When we’re cruising farther from home, we typically move the boat each day. The engines are run enough to charge the house batteries fully, and power is never a problem. But when out on the weekends, we often work and don’t move the boat as much, if at all. Usually we have several computers running and, in the winter, the lights and furnace are on much of the time, so we consume considerable power. In a recent Pacific Yachting article, Portable Power, we wrote about using a portable generator to recharge at anchor. And in a recent PassageMaker article, In Pursuit of a Perfect Charging System, we described how to configure and tune the main engine charging system to get the most from it. However, there are times when we simply need more house battery capacity than is available, and fixing that was last weekend’s project.
For start batteries, our boat came with one 8D for each engine. These seem like overkill for engine start banks, but Cummins uses engine intake air heaters to improve starting and reduce exhaust smoke when cold. The air heaters draw over 110A when operating, which is more than the alternators produce, so large start batteries are a requirement in this configuration.
For a house battery bank, we use golf cart batteries and argue that they are the best value available. Golf cart batteries are sold in enormous quantity for commercial applications and consequently, they are inexpensive. At 66 lbs each, they are much easier to manage than the 8Ds, which are just over 140 lbs each. The only downside to golf cart batteries is that they need to be topped off every couple of months depending upon your usage patterns and charging rates. If you don’t mind adding water, it’s hard to find better value than the golf carts batteries.
The challenge we face with Dirona is that we have already placed house batteries in all the easy places. We have four golf cart batteries between the engines and four more on the starboard side between the engine and the hot water heater. All are easy to see, easy to service and don’t block access to other equipment. The challenge was to figure out how to add two more golf cart batteries to our house bank without resorting to hand-fabricated battery boxes or operating without boxes. Since golf cart batteries are six volts each, they are typically added in pairs connected in series to yield a 12-volt pair or quads to get 24 volts depending upon your house voltage level. As a consequence, most battery boxes house pairs of golf cart batteries and there simply is nowhere left in Dirona for another pair of golf cart batteries side-by-side where they would still available for service and excessively long cabling isn’t required.

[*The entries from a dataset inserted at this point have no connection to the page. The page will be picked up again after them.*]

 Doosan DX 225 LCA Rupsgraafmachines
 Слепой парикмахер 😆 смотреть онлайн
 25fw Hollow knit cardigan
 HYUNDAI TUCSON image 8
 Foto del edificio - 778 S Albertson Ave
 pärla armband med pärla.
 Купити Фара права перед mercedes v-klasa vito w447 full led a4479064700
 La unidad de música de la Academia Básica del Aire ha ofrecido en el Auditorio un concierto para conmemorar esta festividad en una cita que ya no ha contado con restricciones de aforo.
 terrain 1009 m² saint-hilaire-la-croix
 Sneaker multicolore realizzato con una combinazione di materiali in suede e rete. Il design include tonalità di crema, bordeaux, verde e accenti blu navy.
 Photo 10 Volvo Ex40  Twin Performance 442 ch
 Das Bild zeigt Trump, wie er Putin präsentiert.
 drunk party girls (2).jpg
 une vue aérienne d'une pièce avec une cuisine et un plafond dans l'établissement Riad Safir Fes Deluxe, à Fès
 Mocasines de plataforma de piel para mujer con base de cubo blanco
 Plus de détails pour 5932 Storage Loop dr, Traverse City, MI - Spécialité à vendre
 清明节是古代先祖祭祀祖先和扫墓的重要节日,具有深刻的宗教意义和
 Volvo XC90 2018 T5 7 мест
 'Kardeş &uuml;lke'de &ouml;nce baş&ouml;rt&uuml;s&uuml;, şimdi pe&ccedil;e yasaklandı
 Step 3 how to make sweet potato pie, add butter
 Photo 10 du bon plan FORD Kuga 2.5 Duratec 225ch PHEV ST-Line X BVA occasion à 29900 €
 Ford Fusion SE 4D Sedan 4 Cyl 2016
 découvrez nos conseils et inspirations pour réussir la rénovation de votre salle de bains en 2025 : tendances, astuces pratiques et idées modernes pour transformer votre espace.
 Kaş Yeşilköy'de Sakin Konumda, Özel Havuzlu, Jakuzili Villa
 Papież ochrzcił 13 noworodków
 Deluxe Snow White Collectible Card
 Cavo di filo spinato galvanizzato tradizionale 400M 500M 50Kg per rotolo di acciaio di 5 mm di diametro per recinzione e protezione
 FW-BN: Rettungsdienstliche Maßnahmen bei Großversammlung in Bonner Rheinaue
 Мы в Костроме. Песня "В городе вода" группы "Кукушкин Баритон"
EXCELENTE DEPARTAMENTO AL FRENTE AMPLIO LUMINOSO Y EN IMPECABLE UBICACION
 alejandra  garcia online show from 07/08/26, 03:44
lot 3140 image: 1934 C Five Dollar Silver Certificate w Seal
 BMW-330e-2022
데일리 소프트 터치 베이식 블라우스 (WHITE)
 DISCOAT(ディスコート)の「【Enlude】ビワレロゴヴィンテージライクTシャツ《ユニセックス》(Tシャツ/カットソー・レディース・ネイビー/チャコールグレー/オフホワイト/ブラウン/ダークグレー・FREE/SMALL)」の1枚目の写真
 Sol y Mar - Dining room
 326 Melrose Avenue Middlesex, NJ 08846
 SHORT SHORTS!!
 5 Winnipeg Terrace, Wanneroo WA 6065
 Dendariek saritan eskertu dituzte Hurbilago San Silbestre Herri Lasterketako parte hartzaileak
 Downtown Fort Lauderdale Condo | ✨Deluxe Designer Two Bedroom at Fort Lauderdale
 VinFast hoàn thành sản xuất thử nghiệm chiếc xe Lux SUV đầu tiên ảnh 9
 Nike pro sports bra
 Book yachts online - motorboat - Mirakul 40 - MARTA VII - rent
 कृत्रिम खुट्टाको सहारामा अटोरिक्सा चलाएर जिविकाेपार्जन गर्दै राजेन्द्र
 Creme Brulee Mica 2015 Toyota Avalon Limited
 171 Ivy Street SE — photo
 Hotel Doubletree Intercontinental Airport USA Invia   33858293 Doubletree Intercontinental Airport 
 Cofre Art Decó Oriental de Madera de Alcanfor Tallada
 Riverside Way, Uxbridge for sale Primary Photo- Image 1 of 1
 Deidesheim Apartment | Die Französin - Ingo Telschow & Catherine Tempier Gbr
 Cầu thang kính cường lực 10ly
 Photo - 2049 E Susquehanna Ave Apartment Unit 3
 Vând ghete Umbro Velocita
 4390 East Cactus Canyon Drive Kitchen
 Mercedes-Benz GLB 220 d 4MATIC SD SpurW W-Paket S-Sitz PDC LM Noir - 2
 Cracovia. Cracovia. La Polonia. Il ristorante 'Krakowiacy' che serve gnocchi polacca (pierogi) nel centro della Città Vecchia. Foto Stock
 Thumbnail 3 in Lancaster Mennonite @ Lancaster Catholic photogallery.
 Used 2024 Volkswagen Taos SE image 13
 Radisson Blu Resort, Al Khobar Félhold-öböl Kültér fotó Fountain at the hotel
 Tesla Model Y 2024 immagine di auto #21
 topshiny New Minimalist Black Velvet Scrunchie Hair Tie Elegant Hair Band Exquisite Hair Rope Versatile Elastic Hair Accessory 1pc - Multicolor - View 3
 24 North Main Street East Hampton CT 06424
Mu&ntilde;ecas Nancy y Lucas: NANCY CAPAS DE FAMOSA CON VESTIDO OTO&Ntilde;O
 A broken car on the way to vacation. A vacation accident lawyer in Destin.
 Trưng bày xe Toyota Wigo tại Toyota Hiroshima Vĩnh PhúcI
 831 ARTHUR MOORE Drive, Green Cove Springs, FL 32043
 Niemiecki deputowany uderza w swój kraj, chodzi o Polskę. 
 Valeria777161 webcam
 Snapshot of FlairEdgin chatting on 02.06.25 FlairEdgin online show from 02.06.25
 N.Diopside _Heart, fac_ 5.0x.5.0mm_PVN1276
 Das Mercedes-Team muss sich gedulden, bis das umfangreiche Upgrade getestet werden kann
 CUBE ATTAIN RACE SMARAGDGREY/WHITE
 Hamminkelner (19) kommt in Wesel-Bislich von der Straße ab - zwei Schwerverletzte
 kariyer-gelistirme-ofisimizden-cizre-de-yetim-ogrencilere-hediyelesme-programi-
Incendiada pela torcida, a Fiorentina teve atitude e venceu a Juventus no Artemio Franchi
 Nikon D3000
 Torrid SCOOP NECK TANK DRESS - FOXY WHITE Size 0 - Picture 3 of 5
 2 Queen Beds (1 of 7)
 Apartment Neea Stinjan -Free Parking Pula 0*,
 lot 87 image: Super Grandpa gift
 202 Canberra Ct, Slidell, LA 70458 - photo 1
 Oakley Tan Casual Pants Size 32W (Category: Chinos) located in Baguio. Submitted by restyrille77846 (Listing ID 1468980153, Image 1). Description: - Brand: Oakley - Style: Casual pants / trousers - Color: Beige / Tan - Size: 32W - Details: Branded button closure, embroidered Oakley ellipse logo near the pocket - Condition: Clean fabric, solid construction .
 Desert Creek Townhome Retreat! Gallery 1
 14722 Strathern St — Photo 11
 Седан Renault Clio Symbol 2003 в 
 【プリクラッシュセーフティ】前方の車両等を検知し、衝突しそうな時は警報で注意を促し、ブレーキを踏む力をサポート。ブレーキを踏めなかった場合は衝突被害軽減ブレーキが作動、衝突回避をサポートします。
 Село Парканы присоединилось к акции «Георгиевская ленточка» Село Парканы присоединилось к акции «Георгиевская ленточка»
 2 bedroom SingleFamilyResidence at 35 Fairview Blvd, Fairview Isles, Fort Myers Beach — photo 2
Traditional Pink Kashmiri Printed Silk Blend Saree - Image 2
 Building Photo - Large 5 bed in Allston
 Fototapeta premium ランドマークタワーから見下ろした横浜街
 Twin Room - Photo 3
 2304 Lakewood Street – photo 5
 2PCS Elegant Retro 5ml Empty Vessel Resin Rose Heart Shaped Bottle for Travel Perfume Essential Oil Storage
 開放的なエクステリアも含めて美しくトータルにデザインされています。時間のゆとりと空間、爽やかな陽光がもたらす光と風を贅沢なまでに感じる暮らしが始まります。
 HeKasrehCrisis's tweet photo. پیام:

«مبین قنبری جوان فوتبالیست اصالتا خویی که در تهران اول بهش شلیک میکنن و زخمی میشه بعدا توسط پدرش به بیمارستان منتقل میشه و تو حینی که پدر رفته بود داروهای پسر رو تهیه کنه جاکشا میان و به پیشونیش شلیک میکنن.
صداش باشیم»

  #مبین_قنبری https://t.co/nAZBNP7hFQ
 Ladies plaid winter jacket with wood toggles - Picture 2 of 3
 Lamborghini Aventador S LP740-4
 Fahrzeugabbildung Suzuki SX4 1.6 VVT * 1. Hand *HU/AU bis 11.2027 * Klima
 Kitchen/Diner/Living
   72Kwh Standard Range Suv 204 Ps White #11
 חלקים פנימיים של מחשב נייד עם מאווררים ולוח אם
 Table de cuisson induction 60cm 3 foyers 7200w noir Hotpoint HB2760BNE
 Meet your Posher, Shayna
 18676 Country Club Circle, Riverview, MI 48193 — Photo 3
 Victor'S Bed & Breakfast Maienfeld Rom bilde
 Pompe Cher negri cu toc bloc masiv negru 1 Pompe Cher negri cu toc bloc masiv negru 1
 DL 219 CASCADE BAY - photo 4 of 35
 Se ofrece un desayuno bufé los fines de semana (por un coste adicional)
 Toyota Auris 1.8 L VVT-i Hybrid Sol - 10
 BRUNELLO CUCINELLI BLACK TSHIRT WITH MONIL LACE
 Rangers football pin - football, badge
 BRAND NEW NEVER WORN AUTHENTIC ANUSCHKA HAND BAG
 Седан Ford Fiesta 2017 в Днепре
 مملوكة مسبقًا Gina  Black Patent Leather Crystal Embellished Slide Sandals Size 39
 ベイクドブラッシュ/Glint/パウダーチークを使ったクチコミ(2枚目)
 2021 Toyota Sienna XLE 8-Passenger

I did find a wonderful location from a servicing perspective behind the starboard engine. The steps running from the salon to the aft stateroom are directly above this location and, in a Bayliner 4087, these steps are removable as a unit offering access to the starboard transmission and potentially for easy servicing of these batteries. However, two golf cart batteries will not fit side-by-side in this location. There is room for two batteries end-to-end, but a ½” hull stiffening member crosses through the middle. Allied Battery produces a twin golf cart battery box where the batteries fit end-to-end, http://www.alliedbattery.com/boxes.htm, which is worth keeping in mind for future projects. But we really needed individual boxes and they couldn’t be much bigger than a golf cart battery. We found the perfect unit: Single golf cart battery box. These Noco HM306 boxes fit perfectly and, as an added bonus, the price (and service) from J.C. Whitney was excellent at only $8.99. We almost overlooked this box because the exterior dimension was listed at 10 1/8”. This however is the width at the widest point, the lid. The width at the base is less than 8 inches.
The final solution is neat and tidy and adds 25% more capacity to our existing house battery bank. We now have 1,125 Ah of house battery bank capacity. It’s great waking up in the morning with more than a 60% charge instead of less than 50%.